11. A molecular vacuum pump comprising:

a stator unit that forms an interior housing that is vacuum tight;

a rotor unit including a rotor arranged in the interior housing and a central shaft connected therewith, a narrow gap being maintained between the rotor unit and the stator unit during operation, the rotor unit and the stator unit being coupled to each other relative to vibration; and

a housing equipped with air slots and in which the stator unit is mounted by vibration elements.

12. A molecular vacuum pump comprising:

a rotor/stator system including:

a rotor unit including an essentially bell-shaped rotor and a central shaft connected therewith, and

a stator unit including a first sleeve arranged on a pressure side of the vacuum pump, a second sleeve arranged on a suction side of the vacuum pump and inside of a wall of the rotor, and a third sleeve arranged on the suction side of the vacuum pump and outside of the wall of the rotor;

a narrow gap being maintained between the rotor unit and the stator unit during operation, the rotor unit and the stator unit being coupled to each other relative to vibration; and

a housing that contains the rotor/stator system coupled therein by vibration elements.

13. The vacuum pump as set forth in claim 12, further including:

an outwardly oriented edge disposed on the suction side of the first sleeve; and

an outer edge arranged on the pressure side of the second sleeve; and

a cover nut which inserts over the pressure side of the first sleeve and threads onto the third sleeve, and which braces together the outwardly oriented edge of the first sleeve and the outer edge of the second sleeve.

14. A vacuum pump comprising:

a vacuum tight housing having a suction port and a pressure port;

a rotor/stator system including a rotor and a stator, rotation of the rotor relative to the stator creating a gas pumping force which pumps gas molecules from the suction port to the pressure port; and

a resilient element supporting the rotor/stator system in the housing such that rotation of the rotor relative to the stator pumps gas from the suction port to the pressure port, the resilient element vibrationally isolating the rotor/stator system from the housing.

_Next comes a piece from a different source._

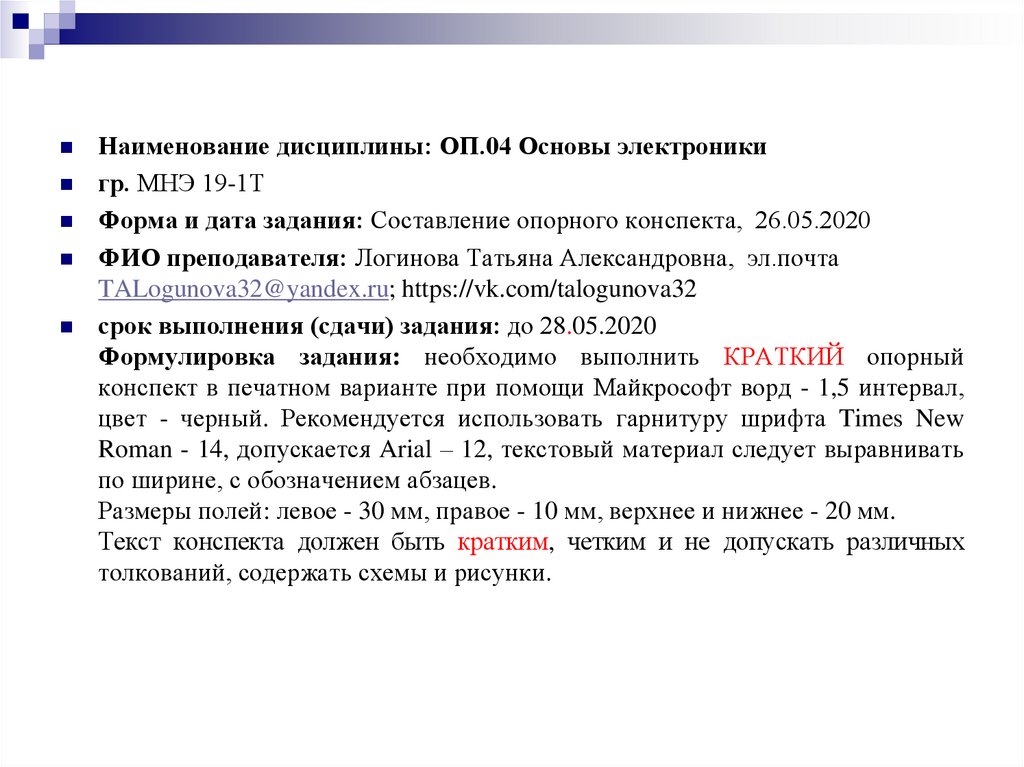 Дата задания. Название дисциплины. Основы электроники презентация. Электроника конспект. Название дисциплины что это в реферате.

15. The vacuum pump as set forth in claim 14 further including:

a resilient connection between the rotor and the stator, the resilient connection being stiffer than the resilient element between the rotor/stator system and the housing, such that more vibration isolation is provided between the rotor/stator system and the housing than between the rotor and the stator.

16. A method of pumping a vacuum comprising:

mounting a rotor to a stator with a stiff, rotational interconnection between the rotor and the stator;

elastically suspending the stator in a housing such that the stator is free to vibrate relative to the housing;

rotating the rotor relative to the stator, the rotor and stator cooperatively interacting to pump gas molecules therebetween from a suction inlet to a pressure outlet, rotating of the rotor inducing vibrations, the stiff, rotational interconnection between the rotor and the stator being sufficiently stiff relative to the elastic suspending of the stator in the housing that the rotor and the stator vibrate together as a unit relative to the housing, whereby tolerances are maintained between the rotor and the stator, which tolerances are smaller than a magnitude of the vibration.